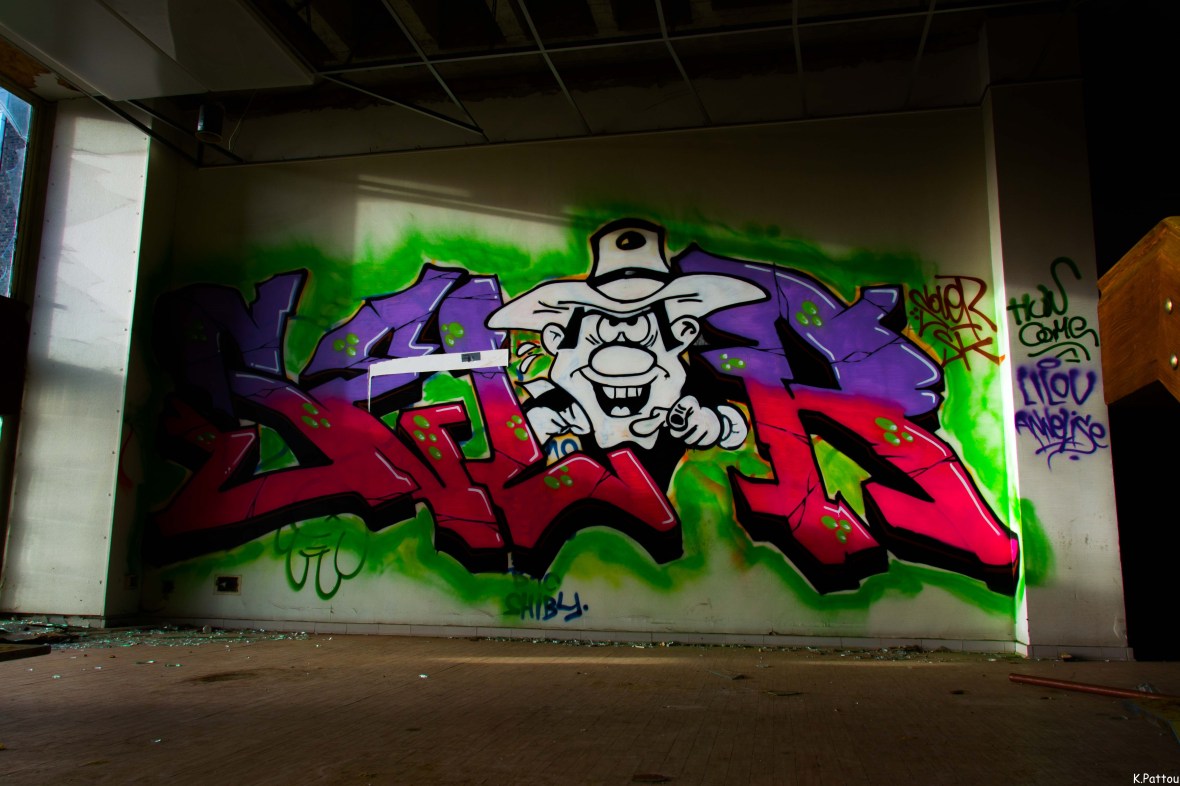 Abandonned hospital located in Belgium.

----------------------------------------

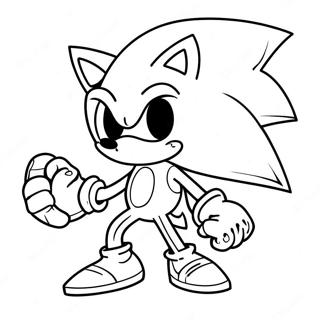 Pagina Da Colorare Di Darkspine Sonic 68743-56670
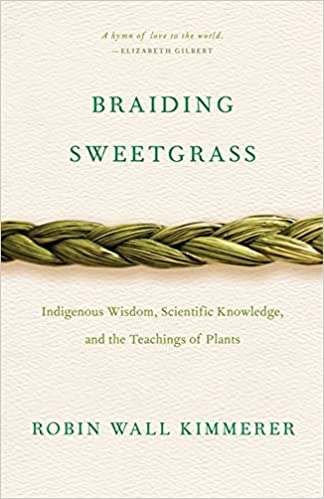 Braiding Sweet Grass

----------------------------------------

Give exactly the lines above that run from the line with "Pagina Da Colorare" to the line with "Braiding Sweet Grass", both included, leaving every picture out.

 Pagina Da Colorare Di Darkspine Sonic 68743-56670
 Braiding Sweet Grass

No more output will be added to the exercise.